群馬県中之条町の山中で県の防災ヘリコプター「はるな」が墜落し乗員9人が死亡した事故で、飛行記録によると、
通信が途絶えた10日午前10時1分の直前20秒間にヘリが時速約30キロから約145キロまで急加速していた。
国の運輸安全委員会や県警は何らかのトラブルが生じた可能性もあるとみて事故原因を調べている。
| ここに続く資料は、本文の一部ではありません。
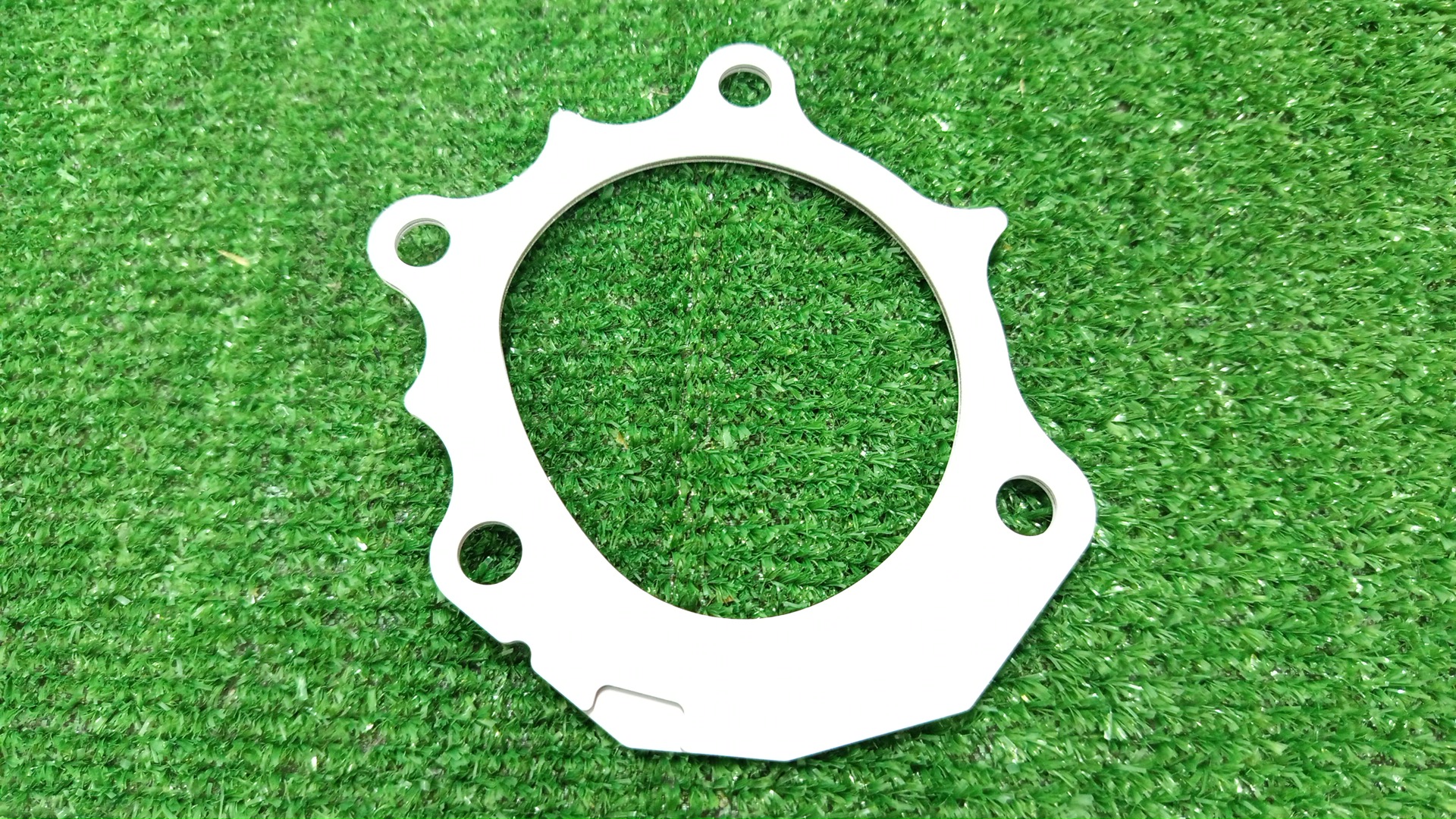 Прокладка выпускного коллектора TOYOTA C-HR NGX50 8NR-FTS 17279-47020 2 ракурс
 ヘリに搭載された全地球測位システム(GPS)の位置情報によると、ヘリは群馬・新潟・長野3県の稜線(りょうせん)を結ぶ登山ルート「ぐんま県境稜線トレイル」を視察するため、
10日午前9時50分ごろから、おおむね時速数十キロで群馬・長野県境を北東へ飛んでいたが、午前9時59分ごろ、予定航路を外れて南へ急旋回。
午前10時40秒から20秒間に時速約30キロから約115キロ急加速した。その後通信が途絶え、この地点から北西に約1キロ離れた地点に墜落した。
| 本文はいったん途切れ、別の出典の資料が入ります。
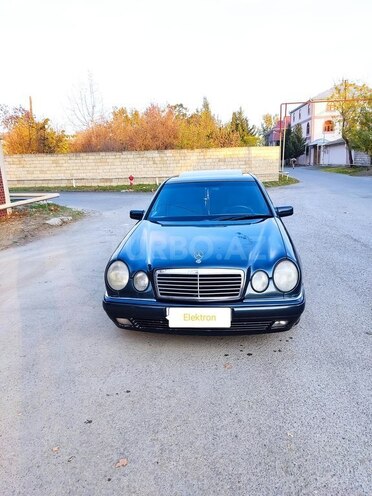 Mercedes E 230 1996, 450,000 km - 2.3 л - Mingəçevir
 航空評論家の青木謙知さんは「ヘリは風の影響を受けやすく、ある程度の速度の揺れはよくあるが、今回は加速の幅が大きく、追い風で押されたとは考えにくい。
パイロットが何らかの意図で操作した結果と考えるのが自然」と指摘した。

 一方、県によると、ヘリから救難信号を発信する航空機用救命無線機(ELT)が作動していなかった可能性がある。

 ELTは、墜落で機体に強い衝撃が加わった時などに電波を発信し救助を求める機器。
県によると、事故機のELTは衝撃を感知後に自動発信する仕組みだったが、受信は確認されなかった。
県は「機器が作動しなかったか、山中からの電波が届かなかった可能性がある」と話している。

 県警は12日、死亡した9人のうち、新たに3人の身元が判明したと発表した。これで9人全員の身元が確認された。
このうち、吾妻広域消防本部所属の5人の死因は外傷性ショックだった。